Come definire quanto accaduto lo scorso 17 aprile in commissione contratto dell’Fnsi, reso pubblico a sorpresa dal presidente dell’Ordine? Io lo chiamerei solo la chiusura del cerchio. Oppure la fine triste della commedia.

Era inevitabile che accadesse o era indispensabile che succedesse?
Tutte e due le cose, direi.
Solo che è avvenuto troppo tardi. Invece dell’esplosione rigeneratrice, che disintegra e azzera, c’è stata l’implosione funebre, che risucchia e seppellisce.
E al risveglio, belli sigillati nel sepolcro dove da lustri ci hanno più o meno occultamente relegato, non abbiamo trovato nessun angelo pasquale a liberarci dalla lastra tombale.

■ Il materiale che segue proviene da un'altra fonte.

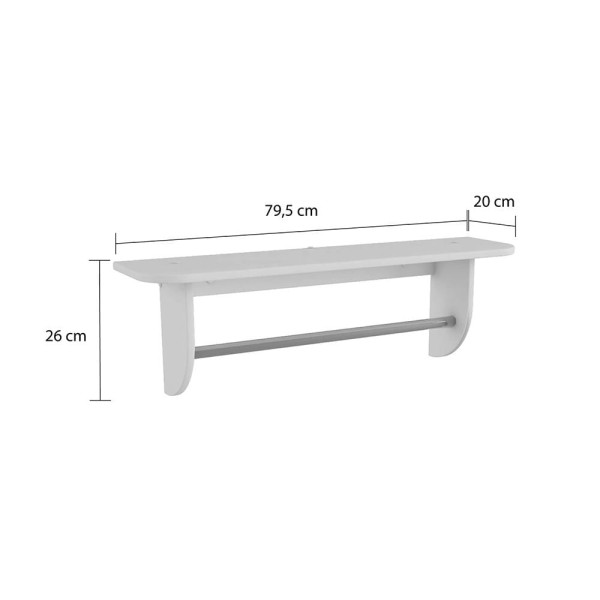 Encontraproduto.com.br - Prateleira com Suporte em MDF Peroba - Branco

Ora, ci troviamo professionalmente sottoterra.
Morti e sepolti eravamo, morti e sepolti resteremo, sia chiaro.
Ma siccome forse appena l’1% della cosiddetta popolazione giornalistica – un buffo mondo di presunti cinici e onniscienti, che però sulle cose proprie cadono facilmente dal pero – aveva finora annusato il puzzo di vero cadavere che aleggiava attorno alla categoria, la speranza è che almeno adesso un po’ di fette di prosciutto comincino a cadere dagli occhioni delle troppe anime candide convinte del futuro comunque luminoso e progressivo di un lavoro giunto invece al capolinea.

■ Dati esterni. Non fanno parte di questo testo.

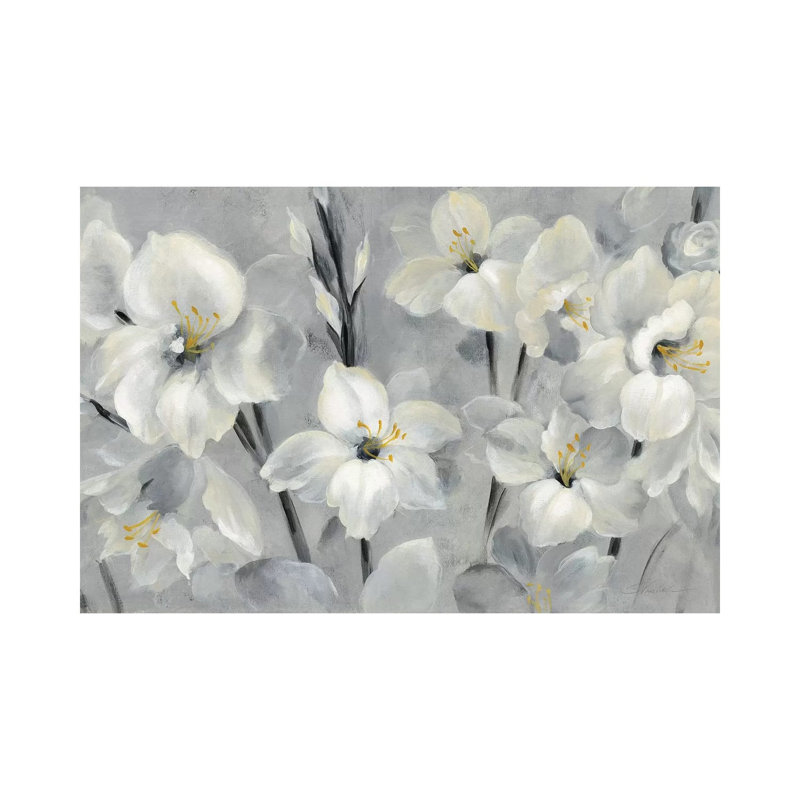 Flowers On Grey by Silvia Vassileva - Wrapped Canvas Painting, 20.32 cm H x 30.48 cm W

Non mi riferisco solo al desolante contenuto della riunione della commissione contratto Fnsi e al dibattito che al suo interno si è sviluppato (per questo basta a avanza la cadenzata cronaca che ne ha fatto, in diretta, il presidente dell’Ordine Enzo Iacopino: la trovate qui), ma al quadro generale che esso ha messo in luce: per come è regolamentato, amministrato, organizzato, rappresentato, composto e concepito, il giornalismo italiano è al punto di non ritorno. Fine.
Sì, lo sapevamo.
Ma una cosa è saperlo per sentito dire, facendoci la tara. Un’altra è toccarlo con mano, verificandolo dalle parole stesse di quelli che lo gestiscono e lo rappresentano.
Di colpo, tutto diventa obsoleto. Equo compenso, contratto, riforma dell’ordine e l’intero ambaradan di cui si è discusso negli ultimi diciotto mesi passa in un attimo al rango di argomento marginale. Come una pur dolorosa slogatura al cospetto di un male incurabile.
Lo scrivo mentre sotto gli occhi mi scorre il pensosissimo, pasionarissimo, modernissimo, futuribilissimo, politicamente correttissimo programma del Festival del Giornalismo di Perugia.
Mi scappa da ridere al pensiero di cosa diranno, mentre aleggia questa cappa plumbea.
Appena mi passa, ricomincio a cercarmi un lavoro serio.
Altro che Epifania, qui è la Pasqua che tutte le celie se l’è portate via.